Neue Recherchen deuten auf einen weiteren Maskenskandal in Deutschland hin. Im Mittelpunkt: der Unternehmer Fynn Kliemann. Doch wer ist der Mann eigentlich, den Böhmermanns Team ins Visier genommen hat?
"Jedes Business ist völlig egal, wenn man dadurch ein Menschenleben retten kann." Ein Satz, der gut auf eine Visitenkarte passt oder eine Werbeanzeige. Ein schöner, sozialkompatibler, altruistischer Ansatz, wie gemacht für die eigene Imagepflege. Gesagt hat ihn Fynn Kliemann im März 2020 im Interview mit t-online. In dem Gespräch ging es um die Corona-Pandemie und darum, wie der Unternehmer aus der Not eine Tugend macht.

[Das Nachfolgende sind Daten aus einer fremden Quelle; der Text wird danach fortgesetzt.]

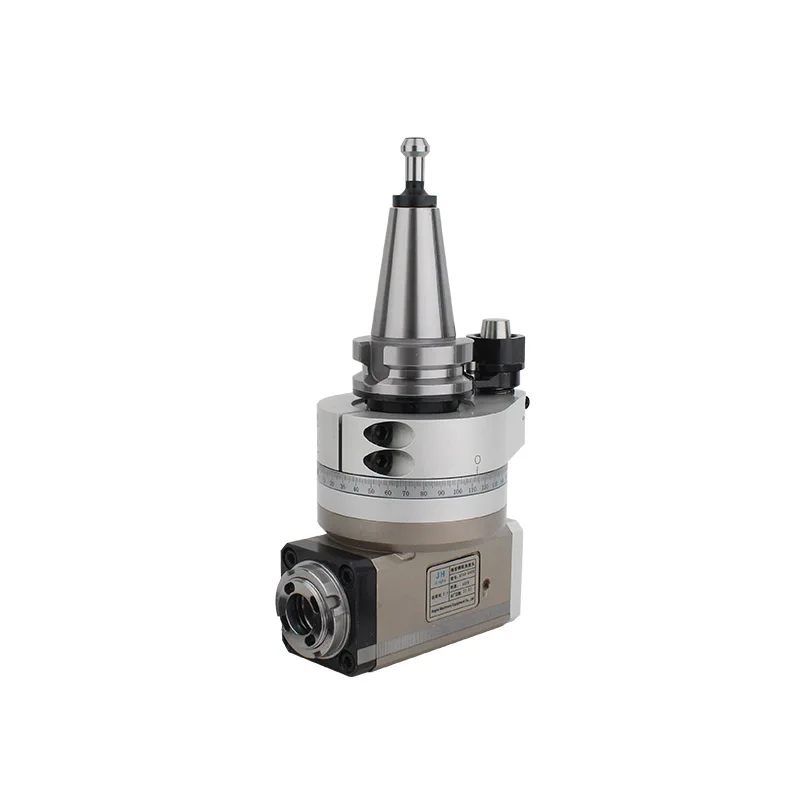 

BT40-AMER32-160 HXHV 90 degree angle head for cnc standing horizontal machining center boring machine planer milling machine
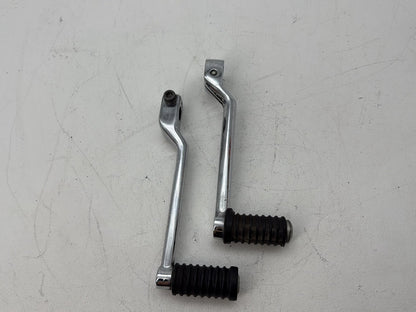 2008 Harley Road King Touring FLHR OEM Gear Shifter Lever Pedal Pedals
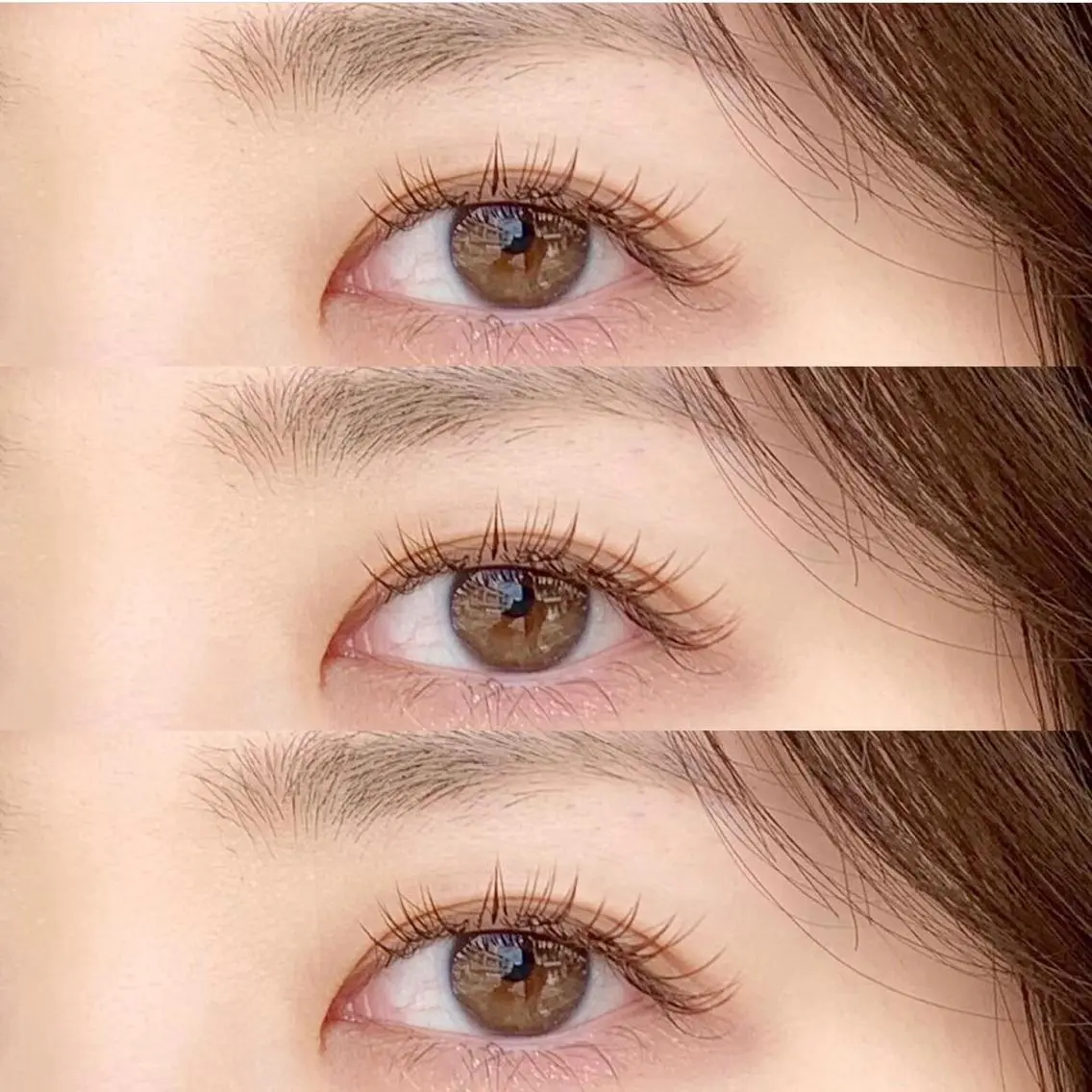 マツエク・マツパ merry eyelashのマツエク・マツパデザイン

Zwei Jahre später werfen die Enthüllungen des "ZDF Magazin Royale" ein neues, unschönes Licht auf die Aussagen von damals und vor allem die Frage auf: Hat sich Fynn Kliemann an der Notlage bereichert – und nicht nur seine Fans, sondern auch Geschäftspartner und die Öffentlichkeit mit einem vorgegaukelten, hehren Ansatz betrogen? Die Vorwürfe wiegen schwer, mehr dazu lesen Sie hier.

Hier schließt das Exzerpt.